Round three: the decider in the Supreme Court
Although there was much common ground between the majority and the minority, the critical dividing factor lay in whether Ryanair had to show its hand before the lien could arise. In other words, did the claim first need to be disputed? Lord Leggatt (and Lady Rose) were clear: “We can see no principled basis…. for extending the lien …. to circumstances where there is no dispute (actual or reasonably anticipated) between the parties…” (paragraph 67, judgment)
In his speech, Lord Burrows explained how this conclusion had been reached:
“As I understand it, this is primarily because, normally, there is a real prospect of a dispute in relation to personal injury claims but, normally, no real prospect of a dispute about flight cancellation and delay claims. And this in turn is because there is always likely to be some negotiation required in relation to the quantum of personal injury claims whereas the quantum in flight cancellation and delay claims is fixed” (paragraph 89, judgment).
However, Lord Burrows did not accept that the lien was limited in this way.
“…assuming that the solicitor is acting for a potential claimant rather than a potential defendant, the appropriate test for a solicitor’s equitable lien is whether a solicitor provides services (within the scope of the retainer with its client) in relation to the making of a client’s claim (with or without legal proceedings) which significantly contribute to the successful recovery of a fund by the client” (paragraph 88, judgment).
Lord Burrows continued that before providing legal services or developing a business model, the solicitor needed to know whether the firm would be entitled to an equitable lien in the event of a successful outcome. The solicitor would have no way of knowing in advance whether a claim would be disputed. It followed that: “A solicitor’s equitable lien should not turn on a test that imports considerable practical uncertainty by requiring a solicitor to speculate as to whether it is unlikely that there will be any dispute about the relevant claim……More generally, the very reason a person may engage a solicitor to make a claim (including what may appear to be a routine claim) is to avoid a dispute arising. That is, having a solicitor involved in putting forward one’s claim indicates to the other side that the claimant is serious in pursuing the claim” (paragraph 90, judgment).
Given, too, that the pursuit of claims in this way on credit provided Bott’s clients with access to justice, the majority were satisfied that the firm’s retainer was sufficient to attract the solicitors’ equitable lien, regardless of whether there was any actual dispute at the time the solicitors had been retained. Thus, in monetary terms, Ryanair must now reimburse to Bott its proper charges from those clients who have received compensation but whose costs have not been paid to the firm. Third and deciding Round to Bott and co!
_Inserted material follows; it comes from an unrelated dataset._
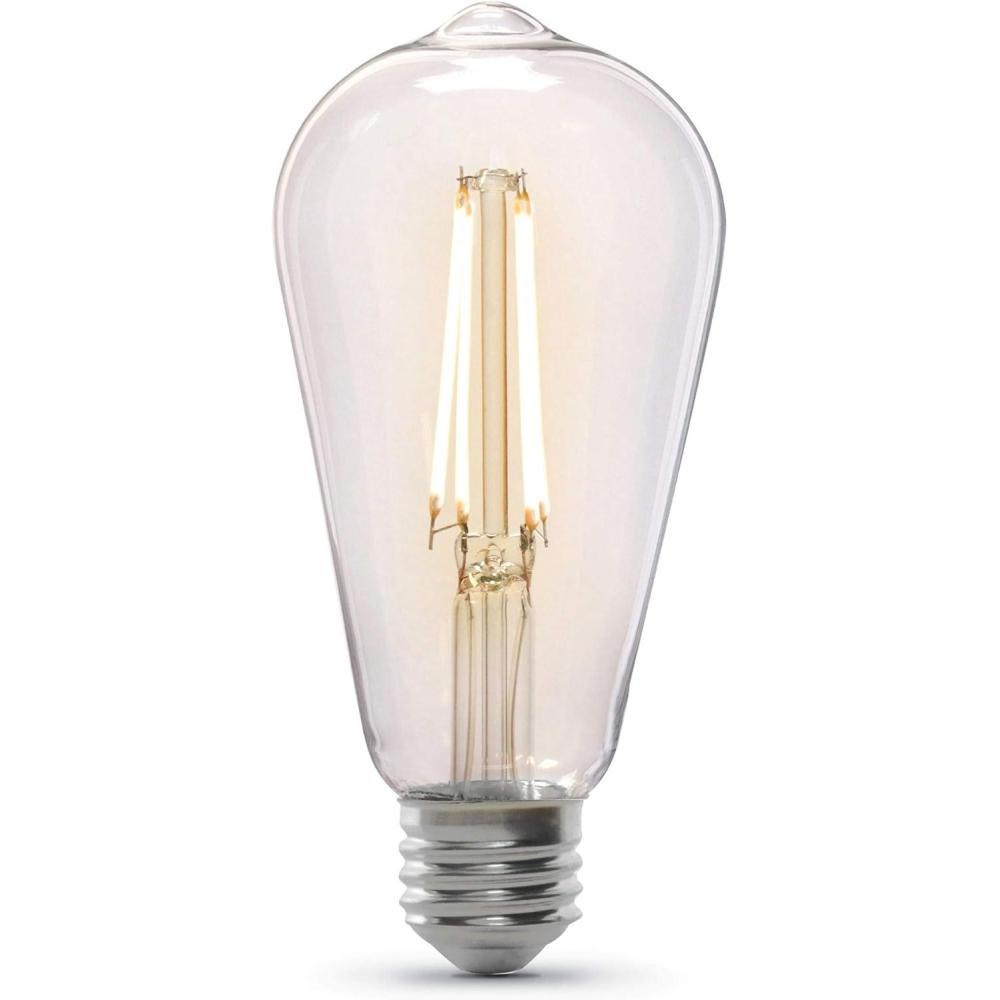 imageFeit Electric ST19 Vintage Edison LED Light Bulb 60W Equivalent Dimmable 2100K Warm Light 400 Lumens Straight Filament Clear Glass Light Bulbs 15000Hour Lifetime ST19CLVGLED24 8 Pack2100 Soft White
Such an outcome is one which would have pleased Lord Denning. It shows that the law has not stood still. Solicitors who wish to assert a lien over the fruits of their industry in priority to other potential creditors, need not issue proceedings in order to do so, nor must the prospective defendant first have had to indicate whether the claim is disputed. Put another way, in the Bott case, the lien will arise before Ryanair is required to disclose its hand by either admitting or rejecting the claim. More generally, consultation with a solicitor who is providing legal services with the intention of avoiding a dispute, or of establishing whether there is a dispute, will be enough to get the lien ball rolling. Ploys to cut out the middle man so as to avoid paying solicitors their fees, should in future therefore become so problematic as to place them on course for ultimate extinction.